La resignación de Julia solo la explica su bendita ignorancia. Qué va a saber ella de ese circo llamado COP26 hablando de justicia con la población que más paga las consecuencias de la crisis energética provocada por otros. Ella solo sabe que ahora la pensión no le alcanza, sin cuestionar la ética de los que han convertido un servicio básico en artículo de lujo y lanzan consignas para evitar el dispendio energético, mientras se permiten el lujo de despilfarrarlo en luces ‘navideñas’ durante cuarenta días, sin sonrojarse siquiera, ante más de cinco millones de españoles pasando frío en sus casas. Los mismos que un día oyeron que vivían por encima de sus posibilidades y sin saber cómo, han acabado viviendo por debajo de sus derechos.

Qué va a saber Julia de todo esto.Ella, desde esa bendita ignorancia, piensa que los adornos que ve desde noviembre serán cosa de jóvenes, que apuran tanto el tiempo y para todo tienen prisa. Simplemente agradece los destellos que estos días, cuando oscurece, se cuelan por su ventana y bailan por el techo matando las habituales sombras. Pero lo que más le gusta es la estrella que aparece en su pared como un capricho del destino. En realidad, todo esto es el reflejo de la decoración navideña del comercio sobre el que vive. Y aunque no estaba previsto, se remanga, despierta a José, María y al Niño que dormían en la caja de zapatos y los coloca sobre el tapete de ganchillo, justo debajo de esa sombra de cinco puntas que convierte el rincón del cuarto en una Navidad pequeñita, creada para ella, en la que sólo echa en falta los villancicos. Que a nadie se le ocurra explicarle la delirante historia que acabó con ellos.

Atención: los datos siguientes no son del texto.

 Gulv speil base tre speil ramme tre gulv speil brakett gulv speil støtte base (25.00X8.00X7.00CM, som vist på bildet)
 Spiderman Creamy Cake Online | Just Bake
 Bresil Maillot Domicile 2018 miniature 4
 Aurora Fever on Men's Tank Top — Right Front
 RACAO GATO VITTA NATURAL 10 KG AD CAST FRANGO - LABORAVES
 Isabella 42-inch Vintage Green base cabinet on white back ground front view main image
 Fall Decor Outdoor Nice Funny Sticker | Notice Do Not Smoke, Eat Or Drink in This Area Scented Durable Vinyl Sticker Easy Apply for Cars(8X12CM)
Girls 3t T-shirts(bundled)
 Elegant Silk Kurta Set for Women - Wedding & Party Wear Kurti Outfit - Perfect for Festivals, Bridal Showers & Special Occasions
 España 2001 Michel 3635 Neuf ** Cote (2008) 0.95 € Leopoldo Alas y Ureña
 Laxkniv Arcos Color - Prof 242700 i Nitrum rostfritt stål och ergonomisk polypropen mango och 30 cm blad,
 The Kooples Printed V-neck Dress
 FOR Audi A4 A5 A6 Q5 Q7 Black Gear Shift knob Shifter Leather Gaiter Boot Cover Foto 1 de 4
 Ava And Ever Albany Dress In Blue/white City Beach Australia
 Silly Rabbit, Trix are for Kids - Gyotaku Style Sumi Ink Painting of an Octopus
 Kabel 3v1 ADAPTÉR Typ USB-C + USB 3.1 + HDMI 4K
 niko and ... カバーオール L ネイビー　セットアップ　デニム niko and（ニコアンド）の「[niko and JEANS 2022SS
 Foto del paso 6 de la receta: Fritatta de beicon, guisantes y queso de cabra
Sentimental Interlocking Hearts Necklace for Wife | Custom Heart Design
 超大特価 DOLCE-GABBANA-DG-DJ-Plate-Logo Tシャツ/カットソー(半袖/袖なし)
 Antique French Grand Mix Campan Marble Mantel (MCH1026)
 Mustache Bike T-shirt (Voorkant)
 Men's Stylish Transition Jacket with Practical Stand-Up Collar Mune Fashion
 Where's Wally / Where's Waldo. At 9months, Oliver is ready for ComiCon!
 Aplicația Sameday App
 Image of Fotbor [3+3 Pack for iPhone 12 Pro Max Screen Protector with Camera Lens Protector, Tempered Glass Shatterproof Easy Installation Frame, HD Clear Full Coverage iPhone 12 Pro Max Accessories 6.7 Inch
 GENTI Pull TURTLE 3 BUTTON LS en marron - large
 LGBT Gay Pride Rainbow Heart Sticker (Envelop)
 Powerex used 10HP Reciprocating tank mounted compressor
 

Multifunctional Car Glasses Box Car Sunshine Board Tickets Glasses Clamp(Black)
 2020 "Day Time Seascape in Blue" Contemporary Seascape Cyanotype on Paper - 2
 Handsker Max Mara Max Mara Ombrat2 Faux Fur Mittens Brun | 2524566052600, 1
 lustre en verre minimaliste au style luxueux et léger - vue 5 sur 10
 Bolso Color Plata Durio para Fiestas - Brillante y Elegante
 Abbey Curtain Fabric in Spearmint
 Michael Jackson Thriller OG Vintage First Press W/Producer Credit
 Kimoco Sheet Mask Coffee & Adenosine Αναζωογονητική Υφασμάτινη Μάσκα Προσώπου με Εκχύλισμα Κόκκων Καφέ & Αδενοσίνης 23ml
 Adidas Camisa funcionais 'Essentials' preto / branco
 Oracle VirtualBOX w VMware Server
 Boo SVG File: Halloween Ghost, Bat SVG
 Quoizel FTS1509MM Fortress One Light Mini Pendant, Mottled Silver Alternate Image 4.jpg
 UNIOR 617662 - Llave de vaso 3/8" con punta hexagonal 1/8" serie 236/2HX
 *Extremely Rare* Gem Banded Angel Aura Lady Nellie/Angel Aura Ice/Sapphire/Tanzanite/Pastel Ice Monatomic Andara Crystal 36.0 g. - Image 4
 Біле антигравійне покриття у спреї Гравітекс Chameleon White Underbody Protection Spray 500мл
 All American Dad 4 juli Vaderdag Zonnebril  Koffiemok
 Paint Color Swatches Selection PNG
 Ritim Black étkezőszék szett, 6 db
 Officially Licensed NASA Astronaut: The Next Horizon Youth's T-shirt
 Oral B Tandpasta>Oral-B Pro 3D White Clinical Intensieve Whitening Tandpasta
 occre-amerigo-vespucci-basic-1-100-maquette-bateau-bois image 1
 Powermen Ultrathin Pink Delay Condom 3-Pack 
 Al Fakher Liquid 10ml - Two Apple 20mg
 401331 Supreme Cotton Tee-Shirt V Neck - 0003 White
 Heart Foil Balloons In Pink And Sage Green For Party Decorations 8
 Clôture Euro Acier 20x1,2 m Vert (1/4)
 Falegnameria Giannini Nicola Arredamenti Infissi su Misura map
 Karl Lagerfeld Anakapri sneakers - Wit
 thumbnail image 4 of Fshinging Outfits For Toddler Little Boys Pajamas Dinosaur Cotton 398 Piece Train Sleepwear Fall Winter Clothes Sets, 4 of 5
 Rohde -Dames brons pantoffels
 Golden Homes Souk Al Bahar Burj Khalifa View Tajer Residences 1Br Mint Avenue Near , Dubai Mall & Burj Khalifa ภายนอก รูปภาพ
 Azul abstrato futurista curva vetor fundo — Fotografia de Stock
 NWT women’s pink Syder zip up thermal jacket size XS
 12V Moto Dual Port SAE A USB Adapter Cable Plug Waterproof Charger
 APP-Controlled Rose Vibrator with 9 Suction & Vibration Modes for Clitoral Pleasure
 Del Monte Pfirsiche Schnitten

Ante tanto circo, la habitual huida al silencio y al calor de una chimenea, este año con un desgarro personal que me permito dejar aquí, con mis disculpas, porque hoy valen sentimientos. No me resisto a dedicar unas palabras a mis tres estrellas, una pequeña constelación confinada por esta pesadilla que vivimos, y decirles que a pesar de su ausencia: mi Navidad son ellas.

Pan para los que no lo tengan, luces para los que las necesiten… y Salud y Calma para todos.

Y a Julia, Feliz Navidad. La tuya. La que, con tres figuritas, una sombra estrellada y unas naranjas, mantienes intacta.